Experts said the prosecution's job will be made much easier if autopsies turn up similarities in the way the babies died. Odell told police she first became pregnant in 1972 but said her father beat her and caused the child to be stillborn. She said she put the body in a plastic bag and then a suitcase.
In 1989, New York authorities discovered the infant's remains in a car at a junkyard. By then, Odell's father was dead, and no charges were ever filed. With the discovery of the three infants in Arizona, the case is being reopened.
Odell delivered the three alleged victims between 1981 and 1984, according to officials in Arizona. She told investigators those babies died shortly after their births, officials said.
"There's got to be some reason in that time span of years, that she must have thought that it was better off for the kids not to be alive," Milligan said. "It might have been the man she was involved with, or something she was involved in."

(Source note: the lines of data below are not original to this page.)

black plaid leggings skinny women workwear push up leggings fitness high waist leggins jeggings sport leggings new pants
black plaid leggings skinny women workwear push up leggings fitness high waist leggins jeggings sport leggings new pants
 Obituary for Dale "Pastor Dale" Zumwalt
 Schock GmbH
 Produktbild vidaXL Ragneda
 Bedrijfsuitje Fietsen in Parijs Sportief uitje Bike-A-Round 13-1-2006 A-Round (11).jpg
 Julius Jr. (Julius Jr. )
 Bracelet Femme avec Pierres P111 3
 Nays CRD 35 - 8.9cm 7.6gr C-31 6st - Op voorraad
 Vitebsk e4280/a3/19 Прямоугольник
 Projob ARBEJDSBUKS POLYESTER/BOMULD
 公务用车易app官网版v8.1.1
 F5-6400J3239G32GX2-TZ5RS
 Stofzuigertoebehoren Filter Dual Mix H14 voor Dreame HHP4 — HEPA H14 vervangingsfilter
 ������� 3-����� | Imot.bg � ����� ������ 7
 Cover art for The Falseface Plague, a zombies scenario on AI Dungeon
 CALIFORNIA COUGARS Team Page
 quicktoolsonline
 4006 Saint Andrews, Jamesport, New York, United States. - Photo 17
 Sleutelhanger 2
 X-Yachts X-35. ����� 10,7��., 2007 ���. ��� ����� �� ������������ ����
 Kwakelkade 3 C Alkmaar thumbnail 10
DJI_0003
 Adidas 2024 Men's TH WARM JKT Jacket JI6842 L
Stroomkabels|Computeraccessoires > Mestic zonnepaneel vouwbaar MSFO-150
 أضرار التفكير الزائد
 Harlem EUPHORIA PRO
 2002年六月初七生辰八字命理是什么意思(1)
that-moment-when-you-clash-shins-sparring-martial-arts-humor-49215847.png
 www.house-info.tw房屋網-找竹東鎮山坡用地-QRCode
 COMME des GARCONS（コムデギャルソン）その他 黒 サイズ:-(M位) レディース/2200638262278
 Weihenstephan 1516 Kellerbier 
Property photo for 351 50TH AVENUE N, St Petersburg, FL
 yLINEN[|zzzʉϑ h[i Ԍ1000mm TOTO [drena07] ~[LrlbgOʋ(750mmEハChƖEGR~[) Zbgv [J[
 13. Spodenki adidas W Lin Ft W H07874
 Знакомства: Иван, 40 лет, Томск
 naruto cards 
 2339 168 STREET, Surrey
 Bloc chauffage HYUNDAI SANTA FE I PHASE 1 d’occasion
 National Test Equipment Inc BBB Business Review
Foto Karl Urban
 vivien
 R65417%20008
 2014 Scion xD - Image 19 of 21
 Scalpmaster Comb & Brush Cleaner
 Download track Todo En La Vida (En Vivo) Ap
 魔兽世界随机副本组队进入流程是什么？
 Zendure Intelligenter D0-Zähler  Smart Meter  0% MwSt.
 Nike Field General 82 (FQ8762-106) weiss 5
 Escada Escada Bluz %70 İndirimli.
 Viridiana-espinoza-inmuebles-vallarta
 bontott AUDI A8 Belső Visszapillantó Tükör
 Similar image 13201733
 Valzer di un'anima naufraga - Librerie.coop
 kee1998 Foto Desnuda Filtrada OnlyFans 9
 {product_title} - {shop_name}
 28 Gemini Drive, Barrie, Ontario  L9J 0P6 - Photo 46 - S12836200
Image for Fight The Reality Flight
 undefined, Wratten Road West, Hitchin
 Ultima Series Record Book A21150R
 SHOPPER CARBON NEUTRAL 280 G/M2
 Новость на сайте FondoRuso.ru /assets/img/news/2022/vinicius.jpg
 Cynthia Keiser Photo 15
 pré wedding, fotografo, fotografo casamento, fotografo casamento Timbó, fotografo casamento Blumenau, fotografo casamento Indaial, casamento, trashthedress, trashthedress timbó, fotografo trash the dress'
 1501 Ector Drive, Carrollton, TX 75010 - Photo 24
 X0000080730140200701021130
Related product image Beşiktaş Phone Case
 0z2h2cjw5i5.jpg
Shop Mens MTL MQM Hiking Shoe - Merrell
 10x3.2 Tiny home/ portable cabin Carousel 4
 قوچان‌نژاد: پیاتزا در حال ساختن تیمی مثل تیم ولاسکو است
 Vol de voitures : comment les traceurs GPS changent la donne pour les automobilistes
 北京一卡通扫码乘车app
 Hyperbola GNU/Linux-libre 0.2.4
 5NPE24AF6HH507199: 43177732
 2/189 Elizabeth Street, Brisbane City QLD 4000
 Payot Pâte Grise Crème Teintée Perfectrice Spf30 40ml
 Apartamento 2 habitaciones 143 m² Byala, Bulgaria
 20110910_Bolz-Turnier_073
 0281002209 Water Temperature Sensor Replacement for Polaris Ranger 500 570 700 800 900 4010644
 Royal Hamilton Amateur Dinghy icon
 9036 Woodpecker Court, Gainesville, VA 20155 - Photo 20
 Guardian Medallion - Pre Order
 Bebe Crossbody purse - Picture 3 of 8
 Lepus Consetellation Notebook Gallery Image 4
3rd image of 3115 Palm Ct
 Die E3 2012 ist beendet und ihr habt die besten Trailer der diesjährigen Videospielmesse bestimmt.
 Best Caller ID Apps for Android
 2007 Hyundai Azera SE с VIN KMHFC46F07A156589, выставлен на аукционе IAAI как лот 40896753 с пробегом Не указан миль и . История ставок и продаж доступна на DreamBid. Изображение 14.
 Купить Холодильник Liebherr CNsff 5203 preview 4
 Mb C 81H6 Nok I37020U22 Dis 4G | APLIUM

Much of Odell's past is murky. Her mother, whom she lived with at times from 1981 to 1984, is dead. Police have yet to interview family members and friends scattered across the country, investigators said.
Since 1984, Odell had five children with Sauerstein. Those children, all under 18, are living with him in Rome. Sauerstein's phone is out of service.
Milligan described Odell as a conscientious mother who stretched the family's limited income and welfare benefits to provide for them.
"I just can't see her doing it maliciously, not the way she was with her children," said Milligan, who described the youngsters as smart and polite. They included five of the Sauersteins' own children and two toddlers described as grandchildren they were raising, she said.
But some Kauneonga Lake residents described Odell as "stern" or "coarse."
Jeffrey Strohl, who lived across the street and helped Odell get a job at a Montrose grocery store, said she was let go within a month. Odell argued with supervisors and customers alike, he said.
"Say you ordered a pound of ham sliced thin. She would slice it thick, and say 'That's what you said,' " Strohl said.
"He (Sauerstein) seemed like a likable fellow," Strohl said. "To be honest, I think he might even be surprised by all this, because I never got a wrong impression on him."
Milligan's 15-year-old son, Leslie, said the Sauerstein children were tired of moving. He was close to one of the children, a boy who was his age but was two years behind him in school because of the moves.
"He didn't want to move (again). He said he wanted to stay here," Leslie Milligan said.
"They just said they would move from house to house because of debt," he said. "That's what Dianne said."